Но хотя Никитин зачастую внутренне сопротивлялся деспотическому навязыванию литературных и идейных принципов извне» все же эти попытки воздействия не остались бесследными. Очень сложно обстояло дело с положением Никитина в кружке Н. И. Второва.
Роль этого кружка в творческой биографии поэта, как и в культурной жизни Воронежа, была, несомненно, значительной.[9] Нельзя отрицать, что кружок в немалой степени содействовал приобщению Никитина к большой литературе. Но поэт испытывал в нем самые различные воздействия. В этом кружке были люди прогрессивных убеждений. Судя по материалам, которыми мы располагаем, к ним принадлежали П. А. Придорогин и Н. И. Второв. Рассказывая о вечеринках, которые устраивались на квартире Никитина, Де-Пуле говорит о Придорогине: «Протестантом и радикалом был он страшным (конечно, на словах), когда речь заходила о крепостном праве: чего-чего не говорил он тут! каких не сочинял ужасов! До 1857 года почти ни одна наша беседа не обходилась без его горячих филиппик».[10]
Даже учитывая тенденциозность и ироничность этой характеристики, принадлежащей человеку отнюдь не прогрессивных взглядов, следует считать бесспорным, что Придорогин мог оказывать на Никитина благотворное влияние. Когда Придорогин умер, Никитин писал о нем: «Итак, теперь в Воронеже меньше одним из самых лучших людей. Я хорошо знал моего друга. Знал его горячую любовь к добру, любовь ко всему прекрасному и высокому, его ненависть ко всякой пошлости и произволу...» (стр. 270).

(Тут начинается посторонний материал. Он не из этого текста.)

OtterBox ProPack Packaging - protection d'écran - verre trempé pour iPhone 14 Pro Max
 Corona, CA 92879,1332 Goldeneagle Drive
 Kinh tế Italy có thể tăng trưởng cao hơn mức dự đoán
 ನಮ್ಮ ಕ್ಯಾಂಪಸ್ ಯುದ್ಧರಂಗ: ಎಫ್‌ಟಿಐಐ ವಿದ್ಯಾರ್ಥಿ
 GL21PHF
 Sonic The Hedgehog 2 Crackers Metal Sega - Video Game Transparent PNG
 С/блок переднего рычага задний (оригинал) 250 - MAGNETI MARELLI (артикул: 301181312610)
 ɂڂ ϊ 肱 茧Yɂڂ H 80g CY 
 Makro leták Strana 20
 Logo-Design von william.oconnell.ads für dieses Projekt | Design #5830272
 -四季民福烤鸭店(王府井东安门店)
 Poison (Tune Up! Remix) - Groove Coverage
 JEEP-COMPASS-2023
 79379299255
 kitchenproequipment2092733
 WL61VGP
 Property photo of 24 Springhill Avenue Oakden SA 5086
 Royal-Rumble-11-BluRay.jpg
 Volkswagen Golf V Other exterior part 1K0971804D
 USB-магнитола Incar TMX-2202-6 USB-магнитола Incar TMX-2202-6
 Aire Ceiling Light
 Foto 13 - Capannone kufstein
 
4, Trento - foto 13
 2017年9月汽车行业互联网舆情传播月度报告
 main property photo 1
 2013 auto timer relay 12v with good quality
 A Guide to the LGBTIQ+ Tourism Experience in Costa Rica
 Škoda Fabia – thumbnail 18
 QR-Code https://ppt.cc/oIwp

Человеком прогрессивных убеждений был и Второв. Он, видимо, стремился расширить кругозор Никитина. Известно, например, что Второв знакомил его с литературой о декабристах.[11]
Он содействовал обращению Никитина к темам и материалу окружающей действительности. Во второвском кружке шла своеобразная борьба за Никитина. А. П. Нордштейн с нескрываемым раздражением сетовал на то, что Никитин плохо поддается «благонамеренным» влияниям и что повинен в этом Второв.
Но если Придорогин и Второв, судя по всему, оказывали благотворное воздействие на Никитина, то такие участники второвского кружка, как Де-Пуле и Нордштейн, стремились заразить поэта консервативными, охранительными идеями. О реакционной сущности общественно-политических взглядов Де-Пуле достаточно красноречиво свидетельствует хотя бы написанная им в начале 60-х годов прокламация,[12] в которой он повторяет все грязные, клеветнические инсинуации о русских революционерах.
Аналогичную общественную позицию по сути дела занимал и Нордштейн, толкавший Никитина на путь восхваления самодержавия. Он пытался приобщить поэта к числу ревнителей «чистой поэзии» и всячески стремился внушить ему отрицательное отношение к некрасовскому направлению.[13]
Противоречивые воздействия, которые испытывал Никитин, отразились и в его поэзии. В начале 1854 года Никитин пишет «Моление о чаше» — стихотворение религиозно-патетическое, представляющее собой переложение евангельских мотивов. В стихотворениях «Сладость молитвы», «С. В. Чистяковой» поэт говорит о религии как утешительнице в страдании и горе. Произведения подобного рода снискали Никитину популярность у воронежского губернатора и его окружения.
9
Можно, разумеется, спорить о масштабах воздействия второвского кружка на поэта, говорить о противоречивом характере этого влияния. Но совершенно произвольными представляются попытки изобразить дело таким образом, будто кружок сыграл только отрицательную роль в духовном формировании поэта. См.: К. Н. Шадрина. О ранней лирической поэзии Никитина. — «Ученые записки Ленинградского гос. педагогического института им. А. И. Герцена», 1957, т. 150, стр. 83—105.
11
См. письмо Никитина к Второву от 11 июня 1854 г., в котором упоминается «книжка о 14-м декабря» (стр. 211).
13
Письма А. П. Нордштейна к Никитину, хранящиеся в ПД, неопровержимо свидетельствуют об этом.